Christine Callies, chief U.S. investment strategist at Merrill Lynch & Co., says: "If you add up all the industries that Al Gore is against, you probably come up with 80% of the Standard & Poor's 500." While she doubts Mr. Gore would be as antibusiness as his rhetoric, she is concerned that the debate is shifting toward "allowing government to grow bigger and consume a larger portion of [the economy]."
Lawrence Kudlow, chief U.S. economist of the ING Barings unit of ING Groep NV, and a sometime Bush economic spokesman, says Mr. Gore's "campaign against big business is really starting to damage the stock market, and ultimately it's going to backfire for Gore." Individual investors, he believes, "are going to say, 'What's wrong with businesses? They create jobs.' " Mr. Gore, he says, "is using the populist rhetoric that Jimmy Carter used to use against the oil companies."

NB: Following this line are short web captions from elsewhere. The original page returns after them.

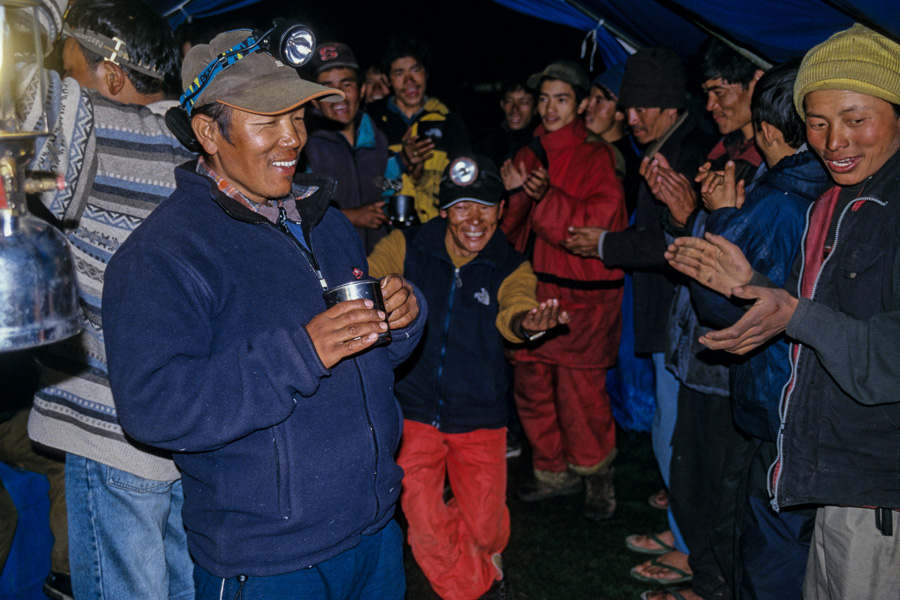 Fête avec les sherpas et porteurs : notre sirdar Mingmar et le cook Kulman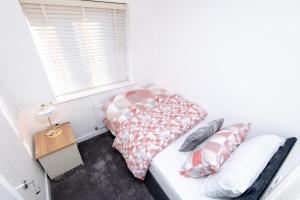 Manchester Cityside Deluxe Stay - 3 Bedroom House Great for Family with Free Parking & Garden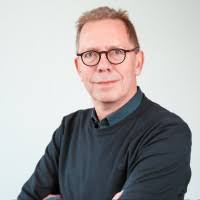 40+ "Robert Langenberg" profiles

Mr. Kudlow's views are partisan, of course. Still, bond traders say they have noticed that campaign rhetoric from both candidates -- about tax cuts by Mr. Bush or new spending by Mr. Gore -- could mean higher interest rates.

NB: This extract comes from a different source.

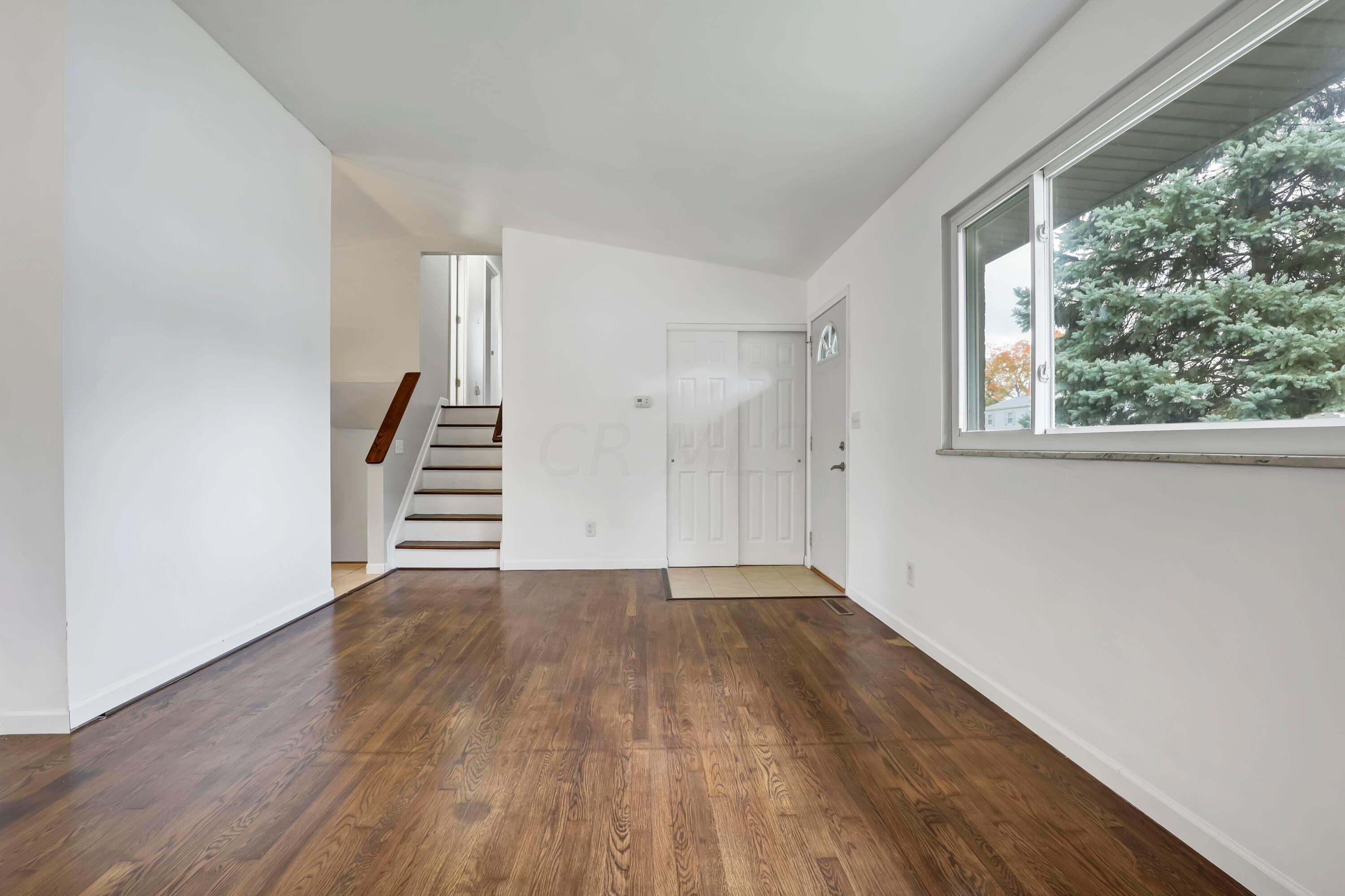 1256 Thurell Road Columbus, OH 43229 - Photo 11 of 58 Gallery Image 11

Some Wall Street veterans aren't concerned about Bush-Gore policy differences because they believe adverse market reactions will act as a brake on any policy initiatives that would hurt the economy. Something like that, they say, helped scuttle the ambitious Clinton health-care plan.
For some on Wall Street, the best result simply would be the "gridlock" that can result when the White House and Congress are split between the parties. Not much gets done that way, which often is just fine for the economy and the markets. After all, the economy improved only after Republicans gained control of Congress in 1994.